Source material:

------------------------

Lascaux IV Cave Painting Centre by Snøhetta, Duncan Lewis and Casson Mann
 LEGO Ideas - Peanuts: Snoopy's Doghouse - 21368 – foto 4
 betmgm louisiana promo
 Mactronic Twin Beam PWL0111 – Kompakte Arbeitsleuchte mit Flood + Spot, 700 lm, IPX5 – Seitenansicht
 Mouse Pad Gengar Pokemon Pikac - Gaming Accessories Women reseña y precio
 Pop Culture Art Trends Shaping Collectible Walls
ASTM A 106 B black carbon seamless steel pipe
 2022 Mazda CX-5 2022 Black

------------------------

What is required: Copy every record verbatim.

Response for this exercise:
Lascaux IV Cave Painting Centre by Snøhetta, Duncan Lewis and Casson Mann
 LEGO Ideas - Peanuts: Snoopy's Doghouse - 21368 – foto 4
 betmgm louisiana promo
 Mactronic Twin Beam PWL0111 – Kompakte Arbeitsleuchte mit Flood + Spot, 700 lm, IPX5 – Seitenansicht
 Mouse Pad Gengar Pokemon Pikac - Gaming Accessories Women reseña y precio
 Pop Culture Art Trends Shaping Collectible Walls
ASTM A 106 B black carbon seamless steel pipe
 2022 Mazda CX-5 2022 Black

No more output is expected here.